The changes of immunoglobulin G N-glycosylation in blood lipids and dyslipidaemia.
Liu, D, Chu, X, Wang, H, Dong, J, Ge, SQ, Zhao, ZY, Peng, HL, Sun, M, Wu, LJ, Song, MS, et al
Journal of translational medicine. 2018;(1):235
Abstract
BACKGROUND Alternative N-glycosylation has significant structural and functional consequences on immunoglobulin G (IgG) and can affect immune responses, acting as a switch between pro- and anti-inflammatory IgG functionality.
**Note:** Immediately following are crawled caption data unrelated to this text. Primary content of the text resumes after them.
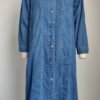 Women's Denim Rayon Coat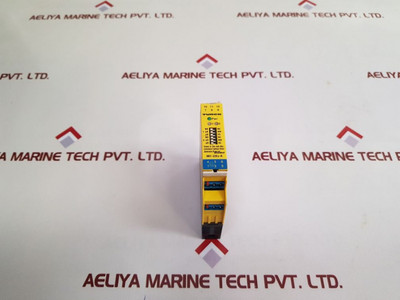 Turck Im1-22Ex-r Interface Module Switching Amplifier 250Vac Turck Im1-22Ex-r Interface Module Switching Amplifier 250Vac
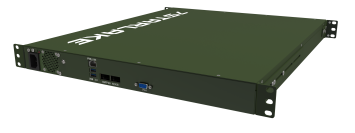 THOR11-X6 Xeon 6 Granite Rapids-D 5G Technologies and High-performance computing server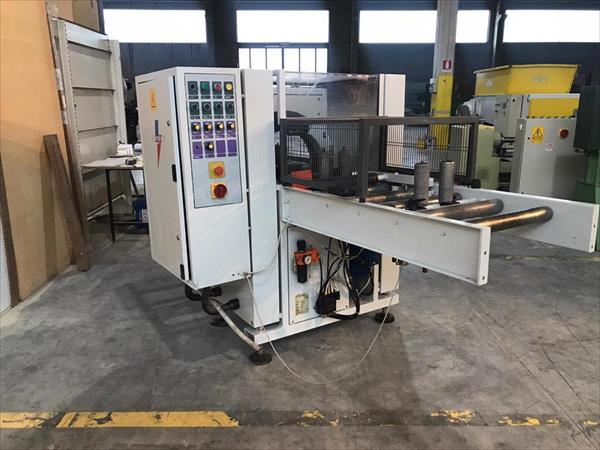 Imballatrice rotativa Robopac Spider 400S matr KN022618 - Foto 2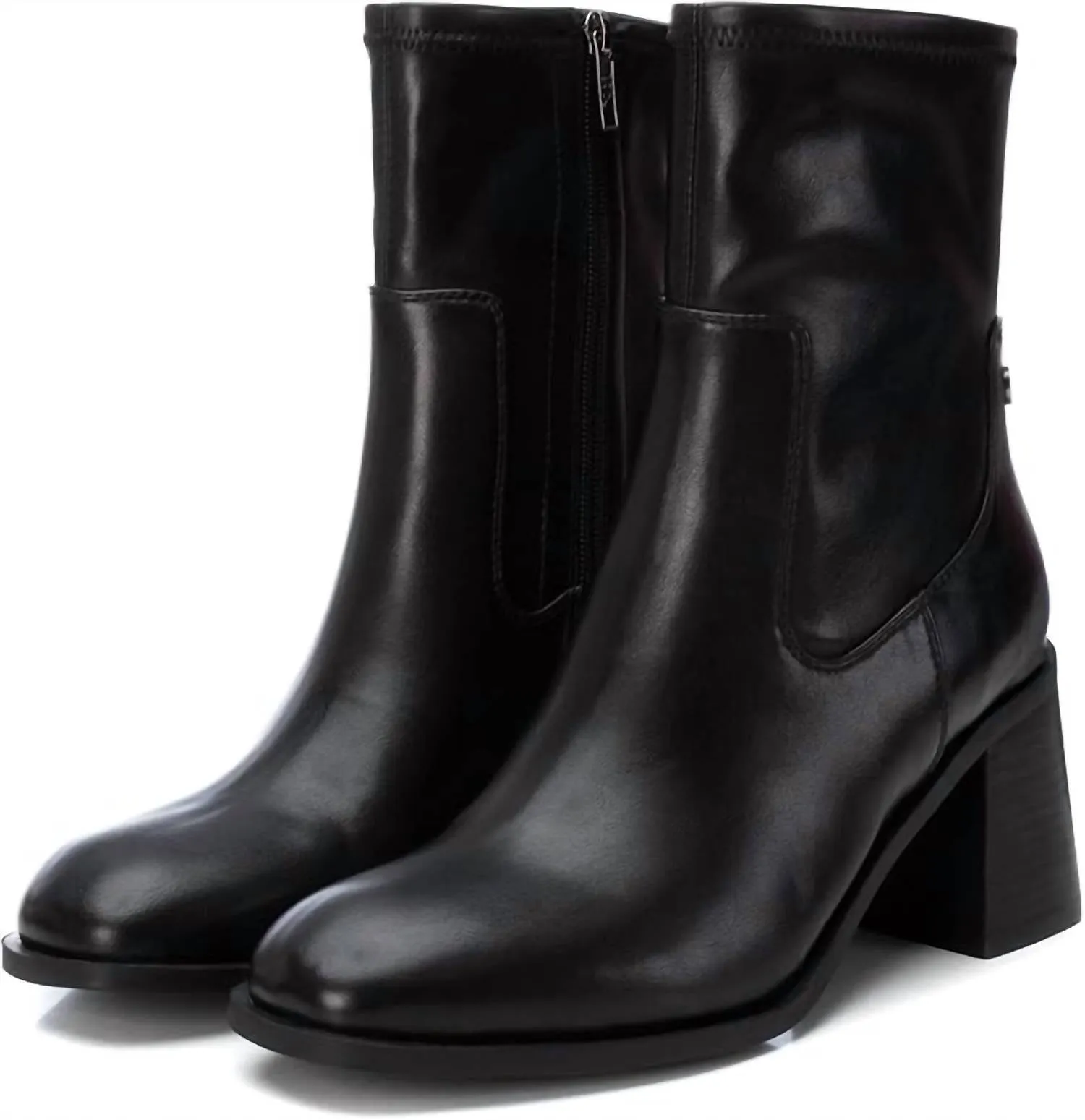 Women's Ankle Booties In Black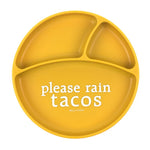 Bella Tunno Rain Tacos Wonder Plate
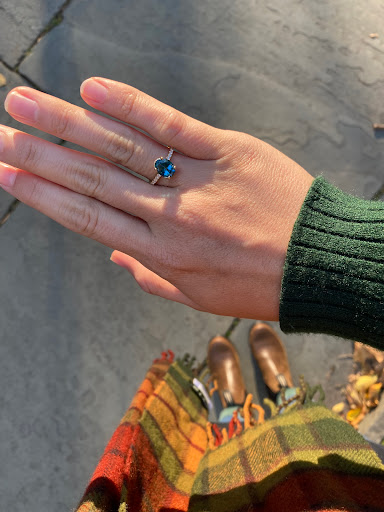 Jeweler «Harzin Jewelers Inc», reviews and photos, 713 Sansom St, Philadelphia, PA 19106, USA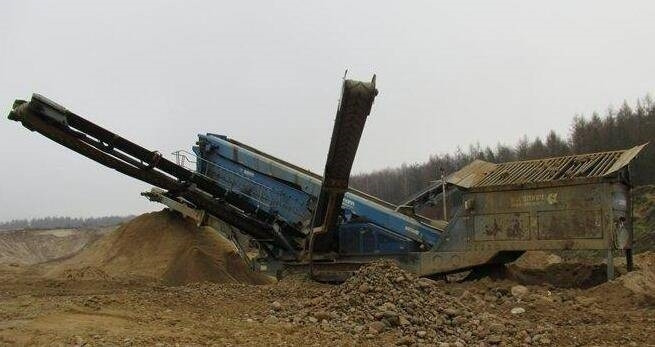 Sorterværk Kleemann MS 19 D: billede 7 Sorterværk Kleemann MS 19 D: billede 7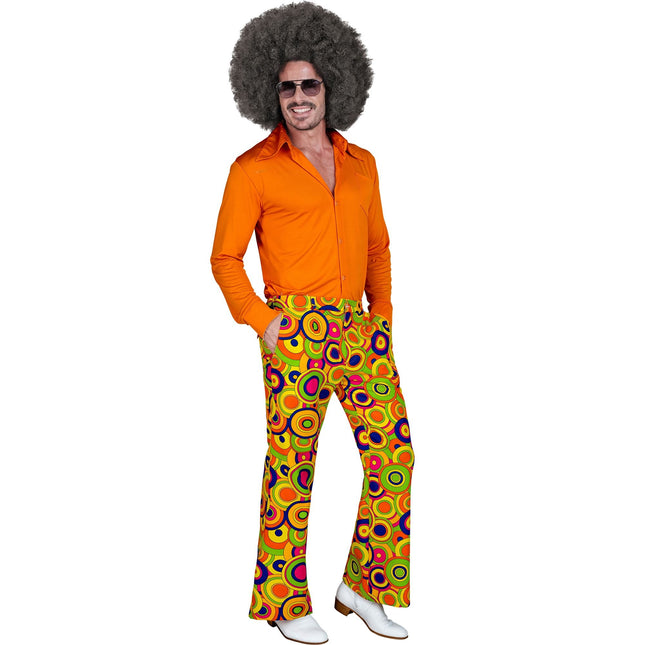 Disco 70S Hose Männer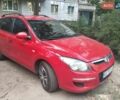 Червоний Хендай i30, об'ємом двигуна 1.4 л та пробігом 280 тис. км за 4750 $, фото 1 на Automoto.ua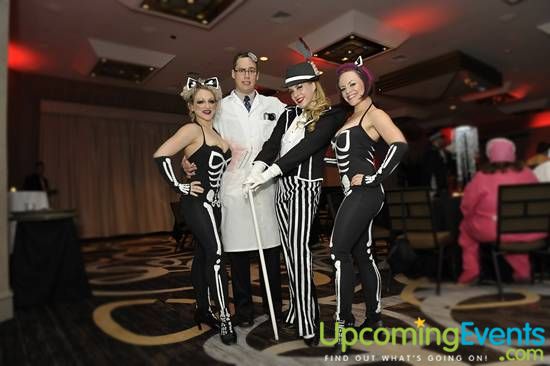 Photo from Peter Sterling Halloween Ball 2013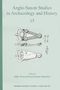 Sally Crawford: Anglo-Saxon Studies in Archaeology and History, Buch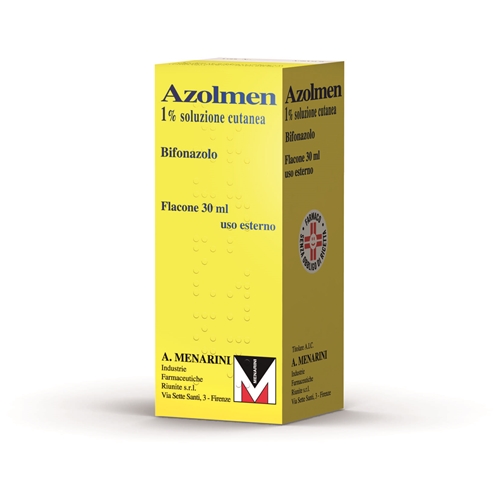 AZOLMEN*SOLUZ 30ML 1% - farmasconti.eu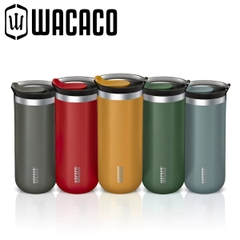 Ly Giữ Nhiệt Cắm Trại Du Lịch Wacaco Octaroma 435ml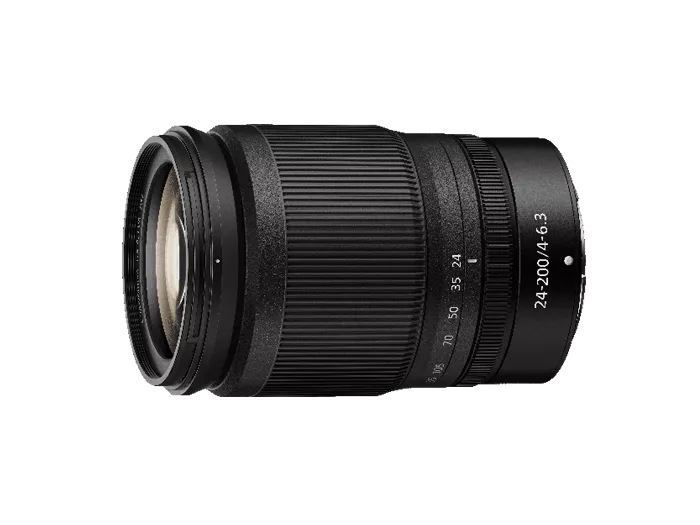 Nikon NIKKOR Z 24-200M f/4-6.3 VR 鏡頭 無卡分期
Studies have demonstrated that IgG N-glycosylation is associated with ageing, body mass index, type 2 diabetes and hypertension. METHODS Herein, we have demonstrated patterns of IgG glycosylation that are associated with blood lipids in a cross-sectional study including 598 Han Chinese aged 20-68 years. The IgG glycome composition was analysed by ultra-performance liquid chromatography. RESULTS Blood lipids were positively correlated with glycan peak GP6, whereas they were negatively correlated with GP18 (P < 0.05/57). The canonical correlation analysis indicated that initial N-glycan structures, including GP4, GP6, GP9-12, GP14, GP17, GP18 and GP23, were significantly correlated with blood lipids, including total cholesterol, total triglycerides (TG) and low-density lipoprotein (r = 0.390, P < 0.001). IgG glycans patterns were able to distinguish patients with dyslipidaemia from the controls, with an area under the curve of 0.692 (95% confidence interval 0.644-0.740). CONCLUSIONS Our findings indicated that a possible association between blood lipids and the observed loss of galactose and sialic acid, as well as the addition of bisecting GlcNAcs, which might be related to the chronic inflammation accompanying with the development and procession of dyslipidaemia.